Transocean is one of the largest offshore drilling companies that provides rig-based well construction services worldwide. It operates a fleet of versatile, mobile, offshore units comprised of midwater, deep water, ultra-deep water, and harsh environment floaters. The company’s dedication to innovation and constant performance improvement led them to search for the best technical solutions.
Offshore oil and gas well construction is a complex process that takes a considerable amount of time. It demands certain sequences of both manual and semi-automated operations carried out in unison, as safely and efficiently as possible. Different kinds of equipment are usually created and operated independently. However, at the rig, all technical units are integrated. Any kind of delay in machinery increases the critical time path, which reduces the efficiency of the overall performance, and can lead to financial losses.
The critical time path can vary depending on various factors, including:
- Equipment manufacturers and configurations
- Experience and fatigue of operations personnel
- Rig type and drill floor layout
- Weather conditions
- Equipment maintenance
- Wellbore conditions
It is hard to track the dependencies of such variations and resulting inefficiencies throughout the overall process. For this purpose, the engineers needed to focus first on the different states of equipment; decomposing the process to the simplest levels, then combining these states, and finally seeing how they work together in the scope of other factors, including high-safety standards.

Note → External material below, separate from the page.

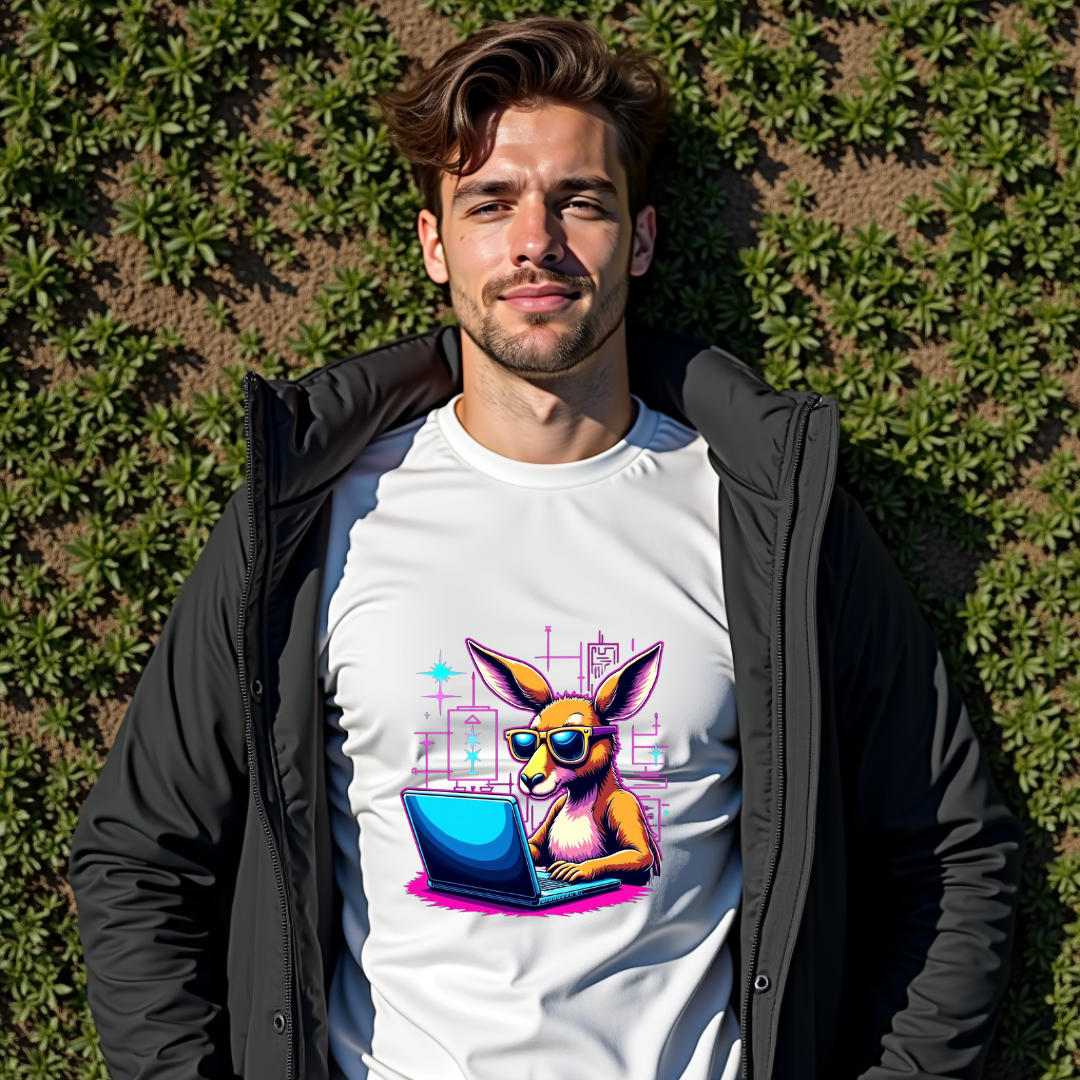 Stylized Kangaroo Graphic Softstyle T-Shirt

To handle possible variations and inefficiencies of the well construction process, Transocean engineers needed to collect and assess measurements at dozens of rigs, including machine and crew timing. A tremendous amount of data had to be collected and then analyzed, and if they managed it manually, it would be too time-consuming. That is why engineers decided to build a well optimization simulation model based on the machine data, including control signals from the equipment. Simulation would help engineers build an oil well optimization digital twin, which would reflect and help analyze the interdependencies among various operations to reduce downtime. Simulation outputs would enable the managerial staff to determine the real reasons of time loss and find solutions.

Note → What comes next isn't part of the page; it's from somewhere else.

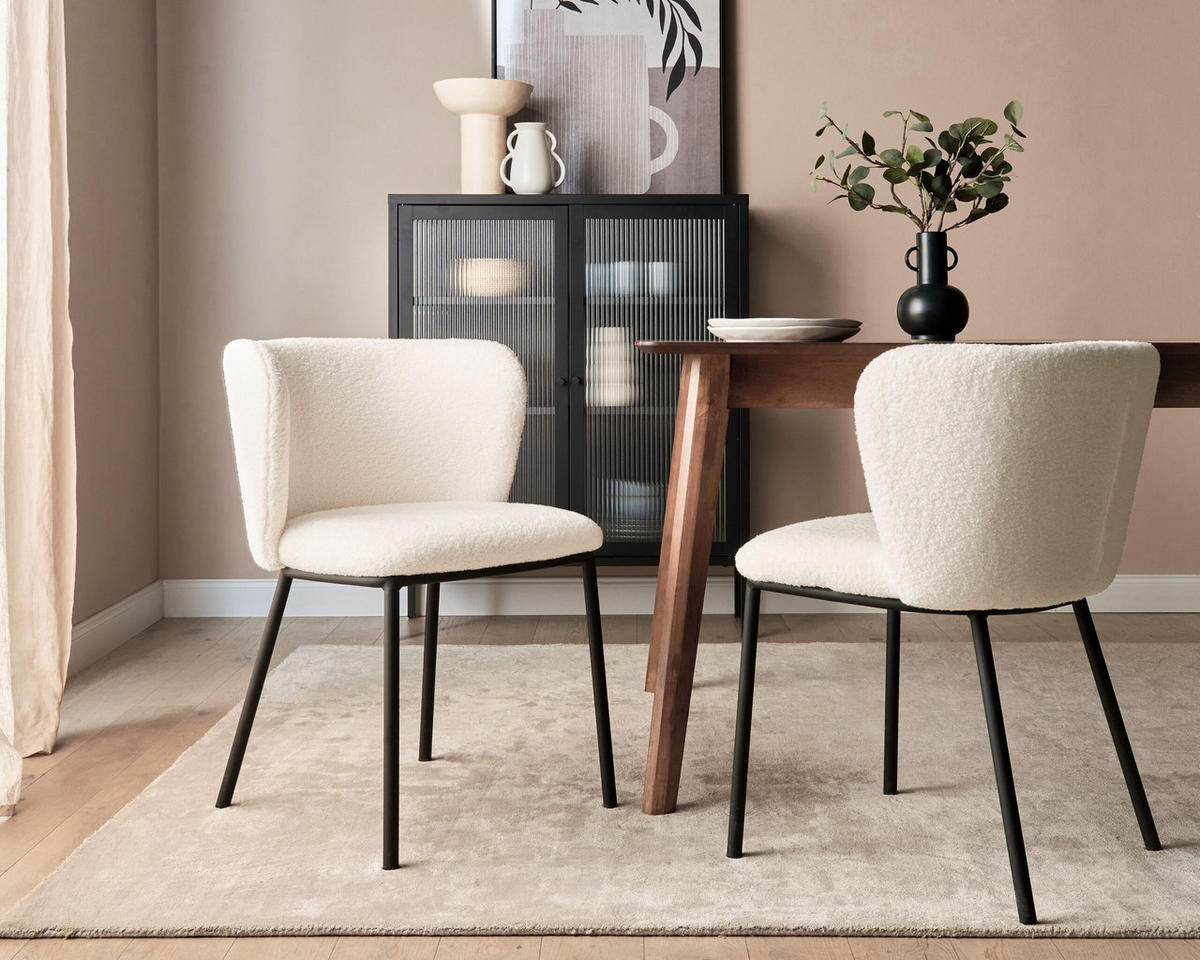 ESSZIMMERSTUHL 2er-Set Bouclé cremeweiß Mina - Schwarz/Weiß, Textil (45/75/52cm) - Beliani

When building the oil well optimization model, engineers focused specifically on the tripping stage of the well construction process. It usually takes 20-30% of the overall well construction time, and it is semi-automated, so there is tremendous variability in the equipment performance. The process consists of operations such as block retracting, block hoisting, and bringing the pipe to the well center, some of which are done simultaneously.
Using AnyLogic oil well construction process simulation software, and leveraging state machine algorithms and discrete event process modeling, Transocean was able to analyze the tripping operations in real time. The whole process was decomposed into a hierarchal system of four main operations that were also split into functional elements down to the simplest levels. This allowed the engineers to create the state machine model. This well construction optimization model was integrated with a discrete event process model, which altogether represented the system of the entire tripping process with the built-in machine logic of 4-5 devices.
The AnyLogic simulation allowed engineers to put in machine data to both models in real time and receive a range of results that could be presented in dashboards and colored charts to identify machine states and process activities, capture descriptive statistics, and analyze the time critical to operations for its minimization.
The application output the data to an SQL database, and then to BI-tools. This permitted the management and operations teams to have the necessary visual aids, and with the given information, look for the exact reasons of downtime and performance inefficiencies.
With AnyLogic oil well construction process simulation, Transocean engineers were able to represent the whole tripping stage of the well construction process. With real-time machine data and detailed representation of operations, the oil well optimization model performed as a digital twin, aiding in analyzing well construction activities. Model statistics were fed back to operations personnel and rig managers, allowing them to assess how well crews were performing and identify causes of time loss. The initial results indicated that over 20% of time could be saved by implementing the digital twin.
Future implementation of the oil well construction process simulation for this project might result in assessing a new well profile and predicting the oil well’s performance. The profile could be run through the model, essentially drilling a virtual well, and could provide future insights into performance of the well, considering material handling, resources needed, and logistics around the rig.